Pinker: I don't believe that there is any mystical process or destiny to humanity that we are fated to travel ever upward. I mean, that's just mystical and as someone with a scientific mindset, I just don't think there is such a force in the universe. Quite the contrary. The universe is totally indifferent and a lot of the forces of the universe kind of grind us down.
But if we have some of the core values of the Enlightenment such as reason, such as science, such as human betterment as itself a goal; that's not obviously a goal because there are many belief systems where what counts is the fate of your soul in an afterlife as opposed to your happiness as a living, breathing body in this life. Or the glory of the tribe or the nation. Or advancing the creed or the faith.

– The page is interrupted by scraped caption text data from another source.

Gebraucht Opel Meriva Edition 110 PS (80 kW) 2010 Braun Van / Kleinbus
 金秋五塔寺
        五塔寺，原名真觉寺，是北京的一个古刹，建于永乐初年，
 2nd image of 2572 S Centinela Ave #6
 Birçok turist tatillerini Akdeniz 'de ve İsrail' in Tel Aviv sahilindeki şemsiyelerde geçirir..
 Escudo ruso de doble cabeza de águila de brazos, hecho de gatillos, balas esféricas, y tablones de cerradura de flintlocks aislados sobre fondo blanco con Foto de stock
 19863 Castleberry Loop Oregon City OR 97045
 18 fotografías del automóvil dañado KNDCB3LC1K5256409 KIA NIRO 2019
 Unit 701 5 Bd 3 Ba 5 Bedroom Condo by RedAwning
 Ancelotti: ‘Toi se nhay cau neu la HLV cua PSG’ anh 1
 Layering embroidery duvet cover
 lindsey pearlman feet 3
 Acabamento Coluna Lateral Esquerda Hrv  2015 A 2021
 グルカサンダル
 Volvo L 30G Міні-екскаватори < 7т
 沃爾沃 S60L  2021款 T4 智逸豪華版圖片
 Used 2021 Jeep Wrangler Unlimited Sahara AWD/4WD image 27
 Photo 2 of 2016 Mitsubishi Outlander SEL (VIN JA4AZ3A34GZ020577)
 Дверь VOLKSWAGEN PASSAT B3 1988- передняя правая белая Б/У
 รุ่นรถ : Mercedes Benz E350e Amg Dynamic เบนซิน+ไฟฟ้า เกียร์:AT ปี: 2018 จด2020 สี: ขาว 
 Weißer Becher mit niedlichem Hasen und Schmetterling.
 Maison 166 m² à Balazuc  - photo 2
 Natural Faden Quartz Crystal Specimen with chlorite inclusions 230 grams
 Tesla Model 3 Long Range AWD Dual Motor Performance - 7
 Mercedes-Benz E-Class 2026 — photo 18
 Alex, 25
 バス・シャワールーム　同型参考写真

So even the idea, let's make as many people as possible happy, and healthy, and long-lived, that's a radical idea. It seems obvious to many of us today because we're children of the Enlightenment, but it was definitely an idea; the fact that we can, by applying and accumulating our ingenuity, actually succeed. Not everywhere all the time, but in general.
And so these various arcs of improvement -- the fact that we are richer, we live longer, more of us go to school, fewer of us die in wars, few of us die in violent crime, few of us are felled by infectious disease and on and on and on -- are, I argue, gifts of the Enlightenment. Now, not all of them but for a lot of the curves, they don't go upward and align from the beginning of time.
But a lot of them show an acceleration beginning in the late 18th and 19th centuries with advances such as the Agricultural revolution in Britain, where they came across better methods of planting, and harvesting, and crop rotation. A century later synthetic fertilizers and vigorous hybrids. In the case of public health, chlorinating water. Keeping human waste out of the water supply. Vaccination. Antibiotics. Markets were lubricated by contracts and finance.
And also, a general philosophy that it is not shameful to be in commerce. It used to be that the sources of prestige were aristocrats, and warriors, and priests; and the shopkeepers and merchants were considered the scum of society. And not coincidentally, a lot of them were Jews, and anti-Semitism and anti-commercial sentiments went together for a lot of years.
Then really starting in the 18th and 19th century, there was some prestige, attached itself to commerce, which together with the institutions and laws, helped markets. And, of course, the technological advances of the Industrial Revolution caused gross world product to suddenly shoot up beginning in the 19th century.